About the Artist
Richard Serra
Richard Serra (b. 1938 - ) is an American minimalist sculptor and video artist known for working with large-scale assemblies of sheet metal. Serra was involved in the Process Art Movement. He lives and works in Tribeca, New York, and on Cape Breton Island in Nova Scotia.
Born in San Francisco, his father Tony was a Spanish native of Mallorca who worked as a candy factory foreman, his mother Gladys Feinberg a Los Angeles-born Russian Jewish immigrant from Odessa. He went on to study English literature at the University of California, Berkeley in 1957 before transferring to the University of California, Santa Barbara, graduating with a B.A. in 1961. He helped support himself by working in steel mills, which was to have a strong influence on his later work. Serra discussed his early life and influences in an interview in 1993. He described the San Francisco shipyard where his father worked as a pipe-fitter as another important influence to his work, saying of his early memory: “All the raw material that I needed is contained in the reserve of this memory which has become a reoccurring dream.”

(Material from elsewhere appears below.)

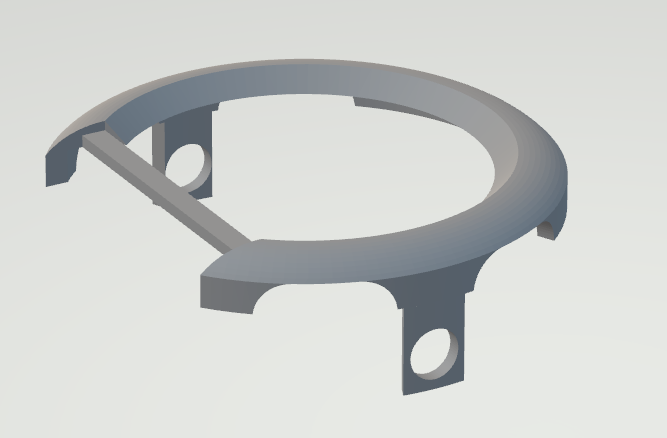G-Shock DW-003 Bezel Ring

Serra studied painting in the MFA program at the Yale University School of Art and Architecture between 1961 and 1964. Fellow Yale Art and Architecture alumni of the 1960s include the painters, photographers, and sculptors Brice Marden, Chuck Close, Nancy Graves, Gary Hudson and Robert Mangold. He claims to have taken most of his inspiration from the artists who taught there, most notably Philip Guston and the experimental composer Morton Feldman, as well as designer Josef Albers. With Albers, he worked on his book Interaction of Color (1963). He continued his training abroad, spending a year each in Florence and Paris. In 1964, he was awarded a Fulbright Scholarship for Rome, where he lived and worked with his first wife, sculptor Nancy Graves. Since then, he has lived in New York, where he first used rubber in 1966 and began applying his characteristic work material lead in 1968. In New York, his circle of friends included Carl Andre, Walter De Maria, Eva Hesse, Sol LeWitt, and Robert Smithson. At one point, to fund his art, Serra started a furniture-removals business, Low-Rate Movers, and employed Chuck Close, Philip Glass, Spalding Gray, and others.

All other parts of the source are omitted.